Unhappiness is another theme that is linked to immortality. That arch-defender of prolongevity, William Godwin, who wrote in his upbeat Enlightenment manifesto Political Justice (1793) that one day people could become immortal through the powers of progress, presented a much toned-down perspective of immortality in his novel St Leon (1799). His alchemist hero discovers the recipe of the philosophers’ stone and becomes wealthy and immortal, but his life is one of isolation and unhappiness. Godwin’s daughter, Mary Shelley, would also write her short story, The Mortal Immortal (1833), in a similar style. Her hero Winzy accidentally consumes an elixir of life and becomes immortal, but turns melancholy after seeing everyone else, including his beloved wife, grow old and die. He sets upon himself to commit suicide, though the success of his endeavour is by no means guaranteed and seems in fact impossible.

The first Czech edition of Karel Čapek’s The Makropoulos Affair (1922)

The theme of the boredom of immortality, which we already saw in Borges, had already occurred in Karel Čapek’s play The Makropoulos Affair (1922), which has particularly become more famous as an opera by Leoš Janáček. The play centres on Elina Makropoulos, who has already lived 300 years due to an elixir discovered by her alchemist father. Elina is adulated as a diva of the opera, but she has become incredibly bored, indifferent, and cynical. Although the story begins with her looking for the elixir to extend her life another 300 years, she eventually gives up on it.

The same theme also occurs in the third volume of Douglas Adams, The Hitchhiker’s Guide to the Galaxy (1982), albeit in a tongue-in-cheek manner.

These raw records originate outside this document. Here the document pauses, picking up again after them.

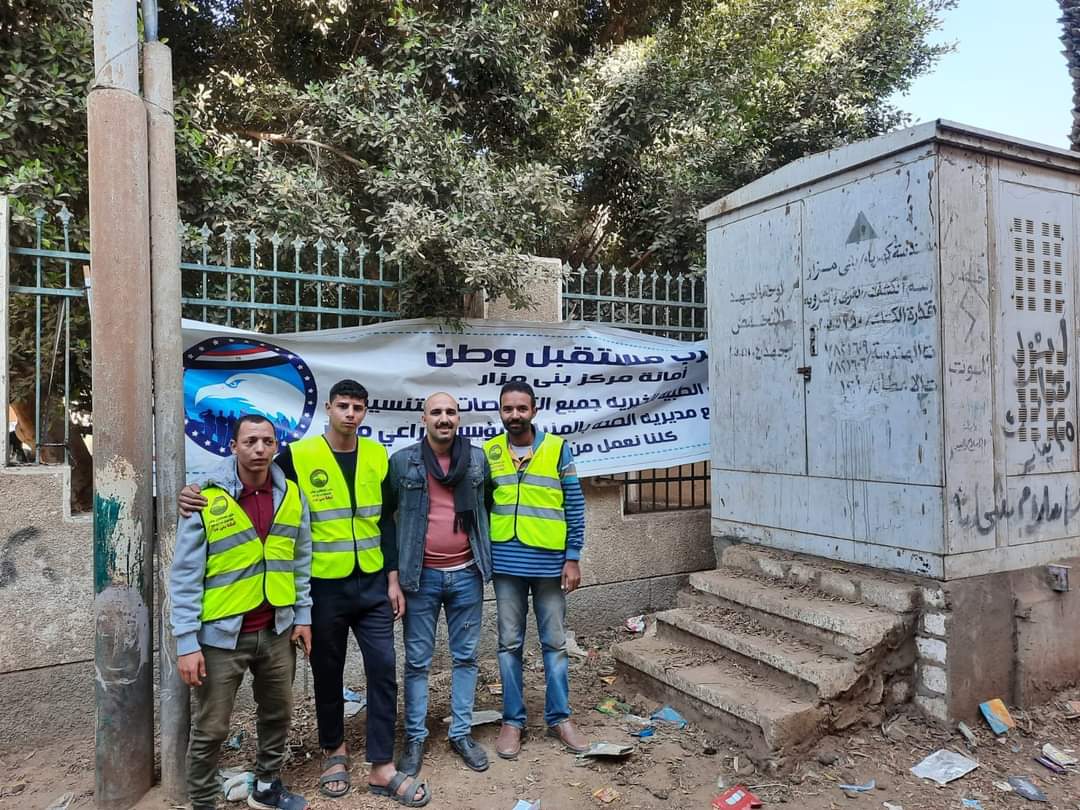 الكشف على ٣١٢ حالة في قافلة مستقبل وطن الطبية ببني مزار    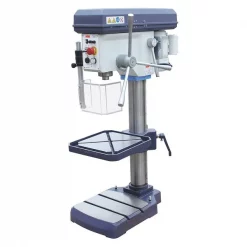 Bench Drill Press, Belt Drive, 1 hp, 120 V, 15 3/4 in Swing, 16 Speed
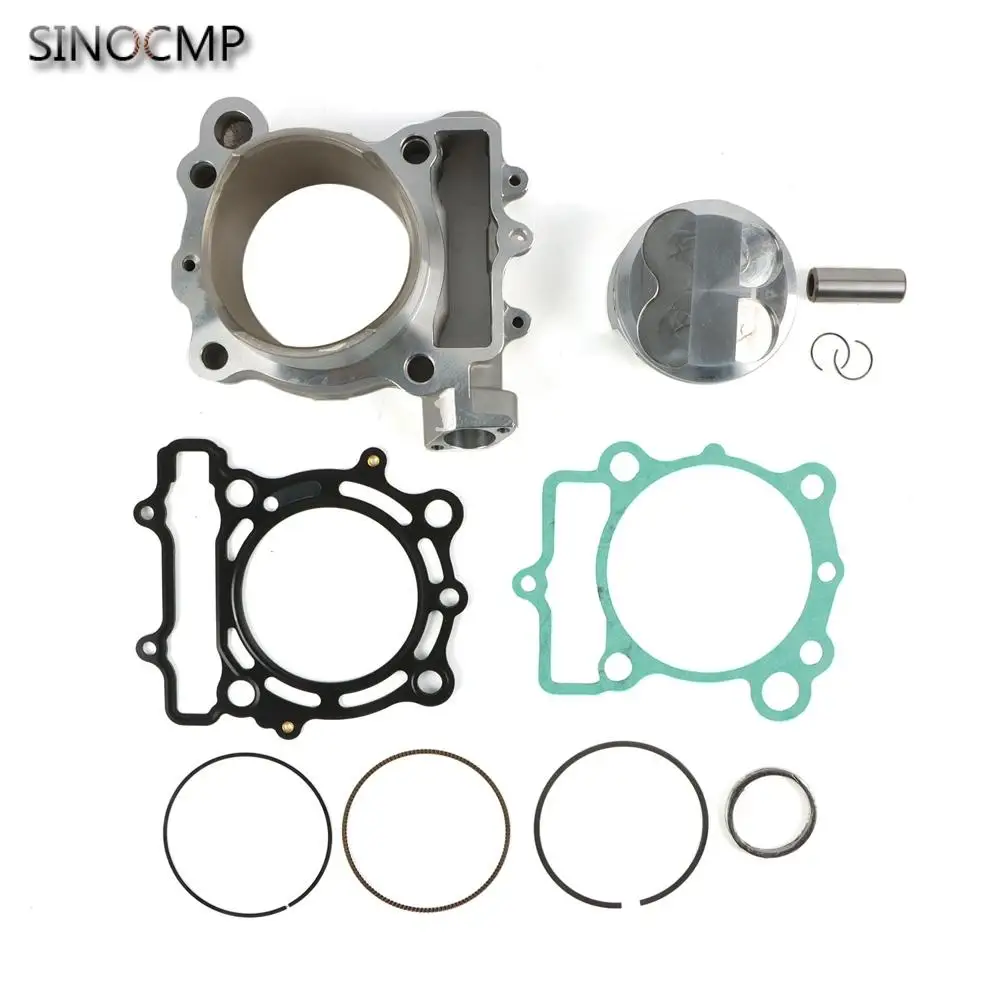 77mm Cylinder Piston Rings Gaskets Kit For Kawasaki KX250F KXF250 2009-2016 STD Motorcycle Parts  Pistons Rings Pistons Kits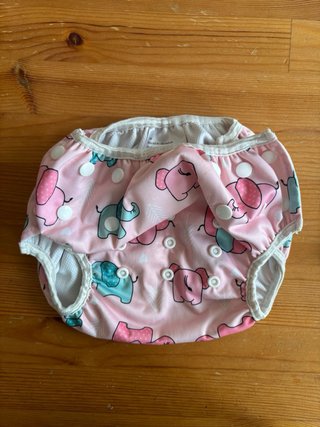 Pañales de tela lavables y absorbentes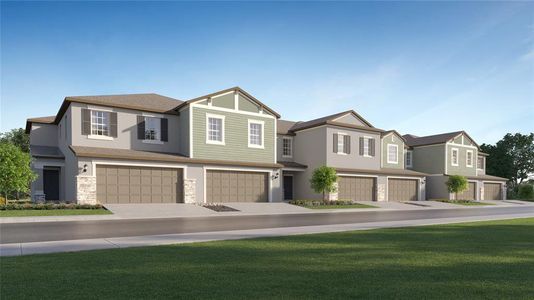 New construction Townhouse house 6519 95Th Place N, Pinellas Park, FL 33782 - photo 0 0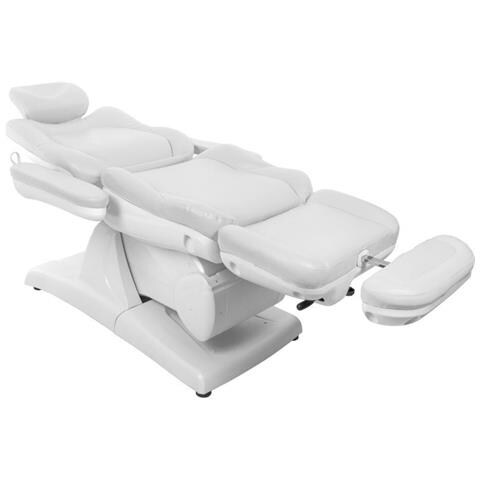 Azzurro Poltrona Cosmetica Elettrica 870 3 Siln. Bianco - Foto 7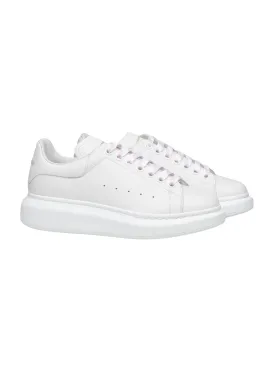 Sneaker mit Oversized-Sohle - Weiß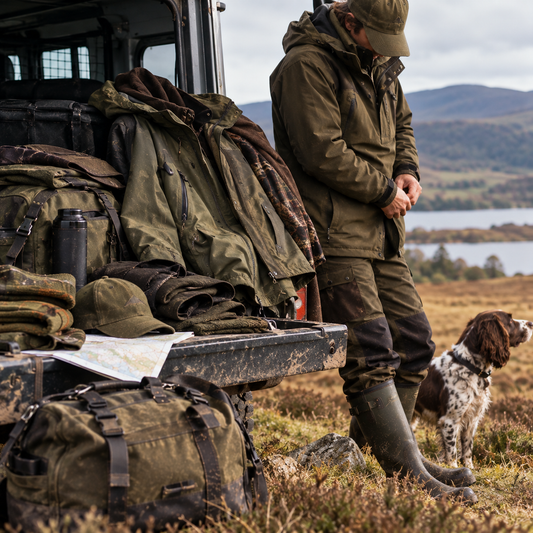 preparer son voyage de chasse
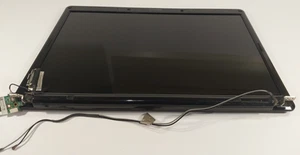 Compaq Presario V6000 15.4" LCD Screen Assembly + Power Button Board – Tested - Picture 1 of 9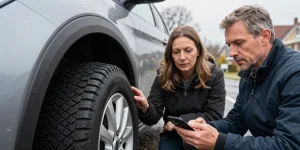 peut on rouler toute l'année avec des pneus hiver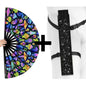 XL UV Reactive Mushroom Festival Fan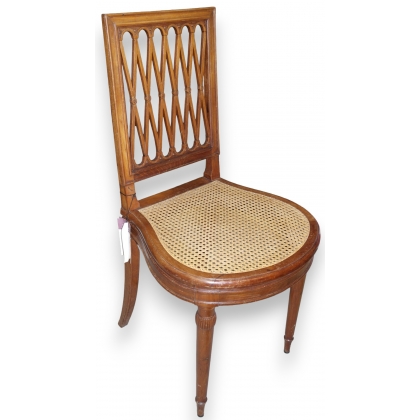 Chaise Directoire, modèle Jacob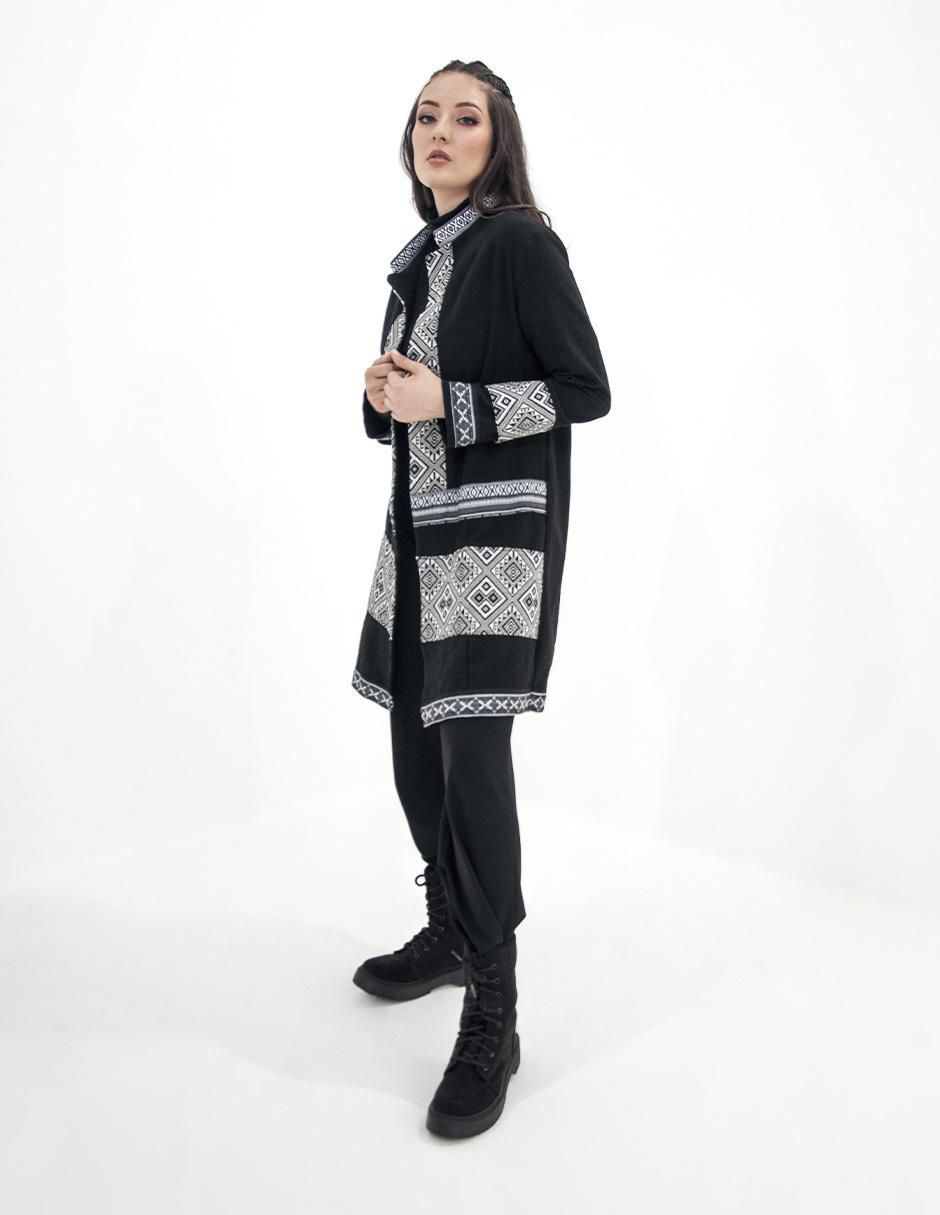 Saco sastreado formal para mujer 8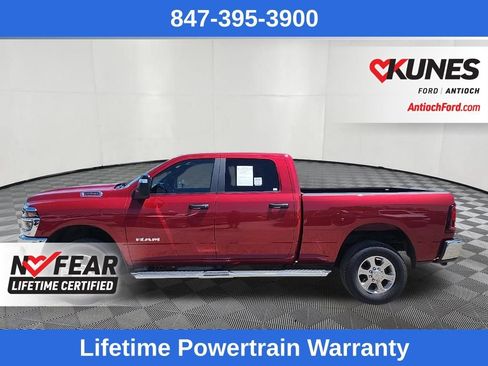 Used 2026 RAM 2500 Big Horn AWD/4WD image 4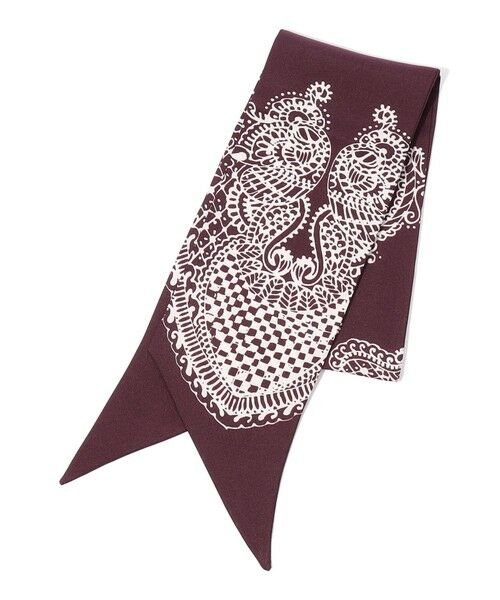 TOMORROWLAND / トゥモローランド バンダナ・スカーフ | Kinloch シルクスカーフ | 詳細1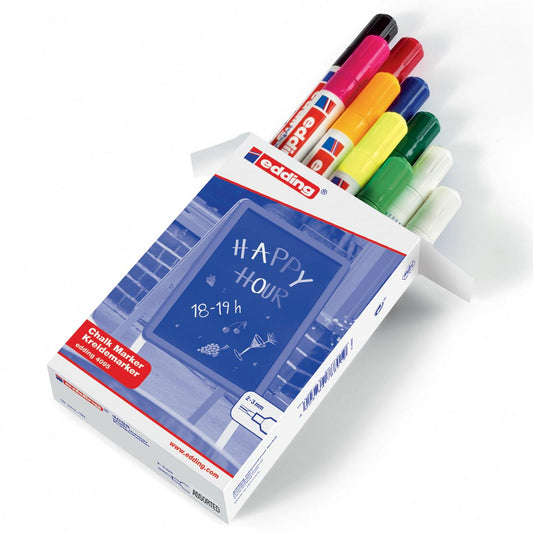 Edding 4095 Assorted Box of 10 (1x001-004  1x011  2x049  1x65  1x66  1x69)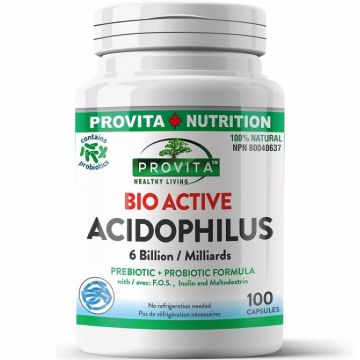 Acidophilus 100cps - PROVITA NUTRITION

Adams invokes the character Bowerick Wowbagger the Infinitely Prolonged, to point out the incredible boredom of being immortal:

To being with, it was fun… But in the end, it was the Sunday afternoons he couldn’t cope with, and that terrible listlessness which starts to set in at about 2:55, when you know that you’ve had all the baths you can usefully have that day, that however hard you stare at any given paragraph in the papers you will never actually read it.   

Still, Wowbagger does come up with a solution: he invents a game whereby he decides to insult everyone in the universe in alphabetical order. When he finally insults a being that is more powerful than him, the Great Prophet Zarquon, the latter kills him, ending his torment.

Such readings can make us conclude that there is no point whatsoever in attempting to become immortal, that immortality can only be accompanied by decrepitude, loneliness, and boredom. Can we imagine a circumstance where immortality can actually be happy and fulfilling? If we now briefly look back at the Utnapishtim story, there is no indication that the latter feels lonely or isolated in his private paradise. It is true that he is not alone there, but with his beloved wife, and he has commerce with the gods. There is another, recent example that counteracts the prevailing narrative – except it doesn’t come from literature, but film. The series Black Mirror (on Netflix) is usually known for its dystopian technological themes. However, in the acclaimed episode ‘San Junipero’, the ending is uncharacteristically positive. The two protagonists, Yorkie and Kelly, find themselves in a technologically-driven simulated reality made for the elderly and the dying. This place is a kind of paradise where the minds of the deceased can live forever. Yorkie and Kelly, falling in love, choose to live in this paradise forever. The fairy tale theme of ‘happily ever after’ finds here a technological embodiment. In other words, love can give sense to immortality.